Mon cher Paul, permettez que nous nous réjouissions de ce que ceux qui comprennent et goûtent la littérature ne se croient pas tous obligés d’en faire, précisément aujourd’hui où, pour peu que l’on ait acquis quelque notoriété en politique, sport et spectacles en tout genre, le best-seller est à la portée du premier venu, même s’il n’a jamais lu Flaubert, et moins encore Léautaud. Je suis par ailleurs peu enclin à penser qu’ils soient bien nombreux les voyageurs occupés à lire durant leurs transports quotidiens, voire le soir à la veillée, Madame Bovary plutôt que l’un ou l’autre, voire la brassée complète, de ces publications désormais toutes élevées au statut ô combien enviable de people. Et pour la veillée n’est-il pas préférable de s’enculturer face à l’écran bleuté où tout est calibré à cet effet — j’ajoute que l’absence ici de point d’interrogation n’est pas due à un oubli.
Qu’un employé de mairie — je n’ai a priori rien contre les employés de mairie, mais j’ai peut-être d’excellentes raisons de suspecter davantage les architectes dont les exploits en termes de création sont visibles un peu partout et ne militent guère en leur faveur — qu’un employé de mairie, dis-je, déclare, sans visiblement se vanter, qu’il a fini de relire Madame Bovary, a quand même de quoi surprendre, surtout lorsqu’il précise l’avoir non seulement lu mais relu, ce qui justifierait qu’on le nommât illico chevalier des Arts et Lettres ou quelque chose du même tonneau.
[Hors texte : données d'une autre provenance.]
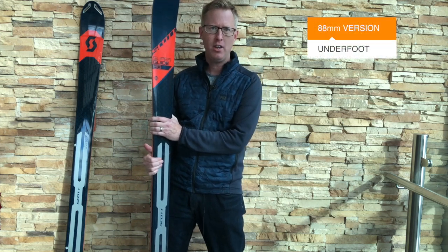I've got the Scott Superguide 88 ski here. It's the slightly narrower ski in the Superguide range — there's a 95 millimeter version as well. This is the 88 millimeter version underfoot.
Quant à savoir si, vraiment, ces gens qui comprennent et goûtent la littérature en ont tous fait, je vous avoue préférer ne pas me prononcer car affirmer qu’ils en aient fait ne présuppose nullement que cela ait été un bienfait, pour la littérature et, accessoirement, pour les lecteurs dont nous n’avons, soit dit en passant, nullement à nous soucier lorsqu’on fait dans la littérature. Vous étiez d’ailleurs, mon cher Paul, mieux placé que quiconque pour en établir le constat, votre Journal en témoigne. Qu’ils aient été publiés ne prouve hélas pas grand-chose, principalement en ces temps où la littérature est devenue une marchandise comme une autre, soumise aux mêmes règles que le blé, le cacao ou le pétrole. Pourquoi pas, en effet, les nourritures terrestres !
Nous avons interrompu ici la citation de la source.